Front. Oncol., 25 January 2023
Sec. Gastrointestinal Cancers: Colorectal Cancer
This article is part of the Research Topic Case Reports in Gastrointestinal Cancers : 2022 View all 33 articles

Ileal adenocarcinoma in a young pregnant woman: A rare case report

Chao Xiao,Chao Xiao1,2Qijun ChengQijun Cheng2Chengjian CaoChengjian Cao3Xue Xiao*Xue Xiao1*Yutao Zhang*Yutao Zhang4*
  • 1Department of Obstetrics and Gynecology, West China Second University Hospital, Sichuan University, Chengdu, China
  • 2Department of Obstetrics and Gynecology, The First People's Hospital of Zigong, Zigong, China
  • 3Clinical Research Laboratory & Department of Clinical Examination, The First People's Hospital of Zigong, Zigong, China
  • 4Department of Pathology, The First People’s Hospital of Zigong, Zigong, China

Primary intestinal malignancies account for only 1%–3% of all malignant gastrointestinal tumors. Adenocarcinomas are uncommonly located in the ileum. Ileal adenocarcinoma (IA) is rare and difficult to diagnose because of its location. IA is common in older men and rare in young pregnant women. A 23-year-old pregnant woman was hospitalized several times for repeated vomiting and abdominal pain. Her symptoms were relieved after symptomatic treatment. She exhibited no typical manifestations of intestinal obstruction, such as abdominal distension, difficulty passing gas and defecation. Unfortunately, she was misdiagnosed with acute gastroenteritis. On the second day after delivery, the patient stopped passing gas and computed tomography (CT) revealed an intestinal obstruction. She was treated as paralytic ileus. However, in view of failed conservative management, she was decided for an exploratory laparotomy. A malignant ileal tumor 5cm from the ileocecal valve was found incidentally and was surgically excised accompanied with End-to-side anastomosis of ileal and transverse colon. The operation lasted 195 minutes. Pathological examination revealed an IA. Pregnant woman who experience symptoms of intestinal obstruction should be alert to the possibility of malignancy in the small intestine. IA is an insidious tumor in pregnant women. An “IA triad” can be defined as refractory vomiting, vague abdominal pain, and weight loss (or inadequate weight gain in pregnant women). Pregnant women with an IA triad should undergo investigation with endoscopy or, if necessary, magnetic resonance imaging (MRI).

Introduction

Primary intestinal malignancies account for only 1%–3% of all malignant gastrointestinal tumors. By subtype, 30%–40% are adenocarcinomas, 35%–44% are neuroendocrine tumors, 10%–20% are lymphomas, and 12%–18% are gastrointestinal stromal tumors (1). Adenocarcinomas are usually located in the duodenum but rarely in the jejunum and ileum (2). The diagnosis of intestinal carcinoma is usually delayed by more than 6 months because the clinical manifestations are nonspecific (3). Ileal adenocarcinoma (IA) is rare and difficult to diagnose because of its covert location. Takahashi et al. (4) reported 17 cases of early-stage IA during the period 1996–2016. The mean age of these patients was 66.1 years, the youngest being 55 years, and 15 of them were male. Thus, IA is more common in older men. However, ileum adenocarcinoma is rare in young patients, especially in young pregnant woman. Here we report the first case of IA in a young pregnant woman.

Case

A 23-year-old woman presented to our department at 33 and 3/7 gestational weeks (GWs) of her first pregnancy, complaining of vaginal bleeding for 2 days and vomiting and abdominal pain for 10 h.

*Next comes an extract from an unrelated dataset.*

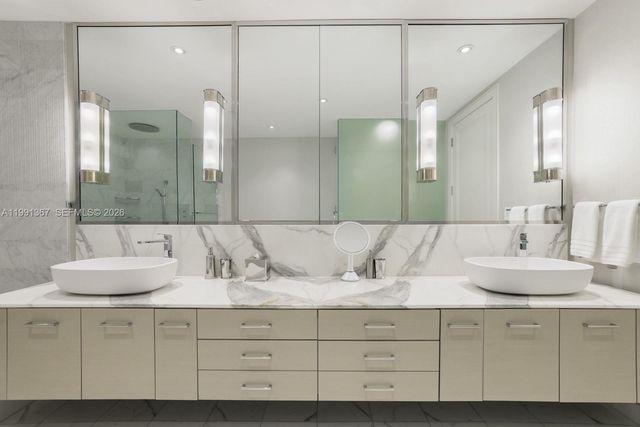 10203 Collins Ave 1702, Bal Harbour, FL 33154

She experienced nausea and severe vomiting (approximately 5–10 times a day) during the first trimester. The vomiting did not stop at the end of the first trimester but was less severe than before. Weight gain was approximately 5 kg since the beginning of her pregnancy. Routine screening during her pregnancy suggested that the patient was heterozygous for the alpha-thalassemia gene, and her hemoglobin value fluctuated between 85 and 105 g/L (normal value: 110 g/L). At 26 GWs, she was hospitalized because of vaginal bleeding and exacerbated vomiting. Her diagnosis was threatened premature labor and acute gastroenteritis. She was given symptomatic treatment (fluid rehydration and antiemetics). The vomiting abated and the vaginal bleeding stopped.

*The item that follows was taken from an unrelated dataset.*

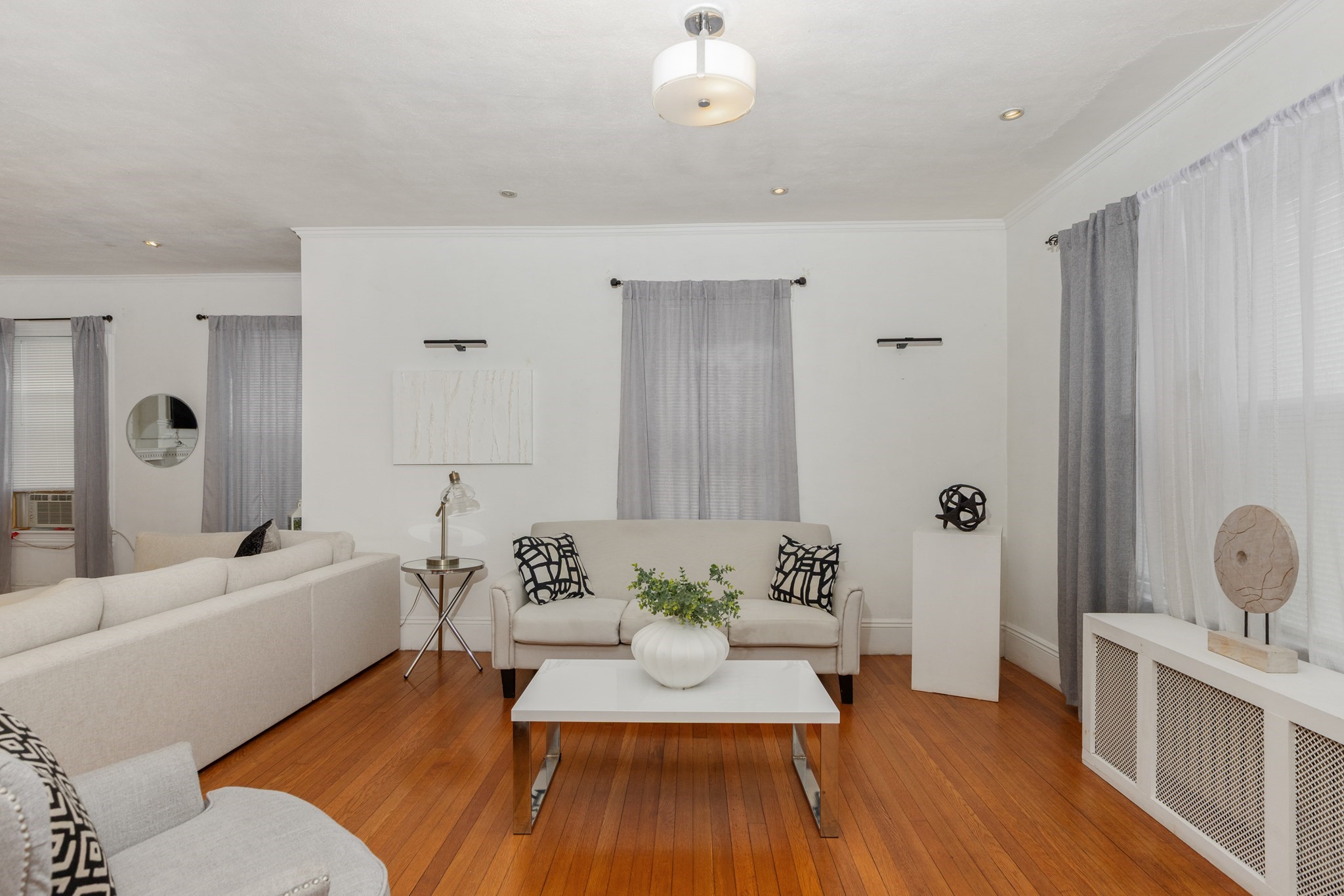 16 Logan St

At 30 and 5/7 GWs, the patient was admitted to our department for abdominal pain and recurrent exacerbated vomiting. She was diagnosed with acute cholecystitis based on a gallbladder stone revealed by ultrasonography and abnormal neutrophil counting. Antibiotics and antiemetics were prescribed accordingly. Dexamethasone was also prescribed to promote fetal lung maturation. Her symptoms abated quickly. At 33 and 3/7 GWs (January 7, 2021), the patient experienced lower abdominal pain and vaginal bleeding after vomiting. The vomiting, abdominal pain, and vaginal bleeding became worse and she was again hospitalized.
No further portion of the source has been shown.